The Farm (Ramos)

The Farm:  A Novel
Joanne Ramos, 2019
Random House
336 pp.
ISBN-13:
9781984853752 


Summary
Nestled in New York’s Hudson Valley is a luxury retreat boasting every amenity: organic meals, personal fitness trainers, daily massages—and all of it for free.

In fact, you’re paid big money to stay here—more than you’ve ever dreamed of. The catch?

For nine months, you cannot leave the grounds, your movements are monitored, and you are cut off from your former life while you dedicate yourself to the task of producing the perfect baby.

For someone else.

Jane, an immigrant from the Philippines, is in desperate search of a better future when she commits to being a "Host" at Golden Oaks—or the Farm, as residents call it. But now pregnant, fragile, consumed with worry for her family, Jane is determined to reconnect with her life outside.

Yet she cannot leave the Farm or she will lose the life-changing fee she’ll receive on the delivery of her child.

Gripping, provocative, heartbreaking, The Farm pushes to the extremes our thinking on motherhood, money, and merit and raises crucial questions about the trade-offs women will make to fortify their futures and the futures of those they love. (From the publisher.)



Author Bio
Birth—ca. 1973
Where—Philippines
Raised—State of Wisconsin, USA
Education—B.A., Princeton University
Currently—lives in New York City, New York


Joanne Ramos was born in the Philippines and moved to Wisconsin when she was six. She graduated with a BA from Princeton University.

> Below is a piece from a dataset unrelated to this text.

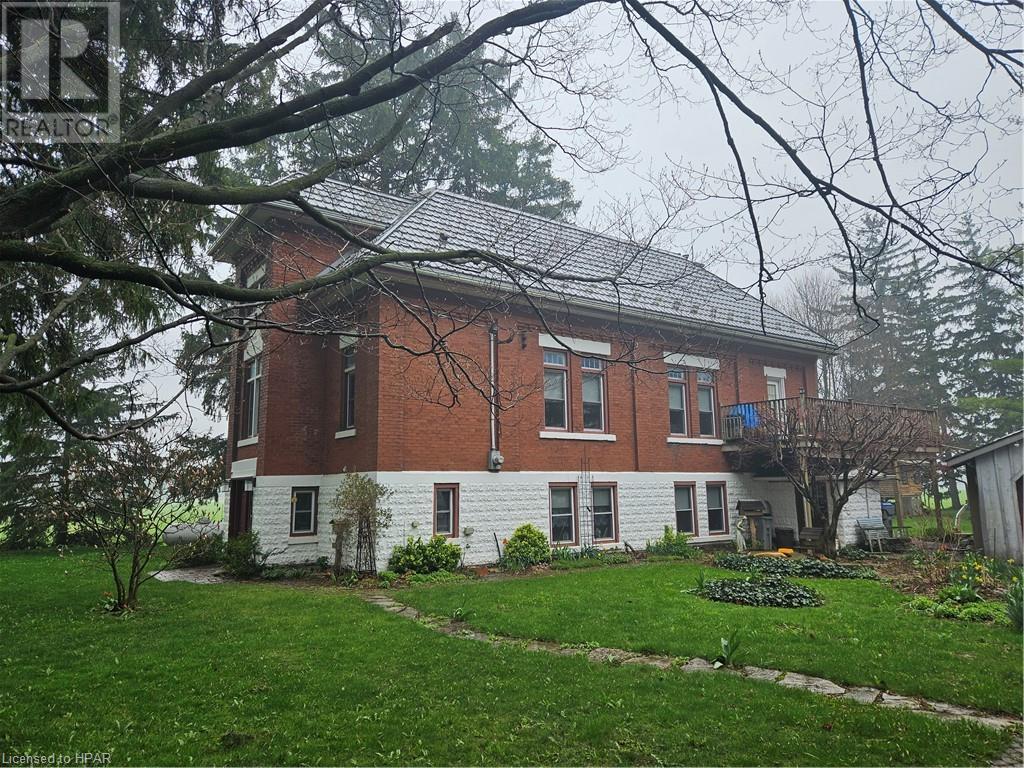 44411 Sawmill Rd Road, Walton, Ontario  N0K 1Z0 - Photo 3 - 40542521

After working in investment banking and private-equity investing for several years, she wrote for The Economist as a staff writer. She lives in New York City with her husband and three children. The Farm is her first novel. (From the publisher.)



Book Reviews
The Farm may be an "issue" book, but it wears the mantle lightly. It’s a breezy novel full of types (the Shark, the Dreamer, the Rebel, the Saint), and veers, not always successfully, from earnestness into satire. That shift in voice can obscure the novel’s intent—though to be fair, ambiguity may be the point.
Jen McDonald - New York Times Book Review


In lesser hands, Mae would read like a cartoon villain. But Ramos writes her with enough depth that the career woman reads as much a product of her environment as Jane.… [T]he book is so eager to make its point. Because what’s so striking about… isn’t that it imagines a frightening dystopia. This isn’t a hundred years in the future, it’s next week. This is reality, nudged just a touch to its logical extreme. Its very plausibility is a warning shot.
USA Today


[The Farm] hits home hard—a thrilling read about the myth of meritocracy, the way some people get ahead in life before they’re even born.
New York Magazine


[Joanne] Ramos’s debut novel couldn’t be more relevant or timely.
Oprah Magazine


This compelling first novel has echoes of The Handmaid’s Tale.… It’s one that’ll really make you think.
Good Housekeeping


A sharp takedown of the idea of American meritocracy.
Refinery29


The Farm is a smart, thoughtful novel about women, choices, and the immigrant experience that asks the question: How far would you go for the American dream?
PopSugar
 

Ramos’s transfixing debut scrutinizes the world of high-end surrogacy with stinging critiques and sets up heartrending dilemmas.… A surefire hit with book groups, this striking novel will also appeal strongly to readers who like dystopian touches and ethically complicated narratives.
Publishers Weekly


Traveling from the glitz of Manhattan to multiethnic, immigrant Queens and the isolation of the rural Hudson Valley, this is an exciting read about the politics of motherhood and female autonomy.
Library Journal


(Starred review) Compelling storytelling…. Ramos’s debut is so engaging that the reader might not understand the depths she probes until the book is done.…Each character’s complexity will give book groups plenty to discuss.
Booklist


(Starred review) At a luxurious secret facility in the Hudson Valley of New York, women who need money bear children for wealthy would-be mothers with no time for pregnancy.… Excellent, both as a reproductive dystopian narrative and as a social novel about women and class.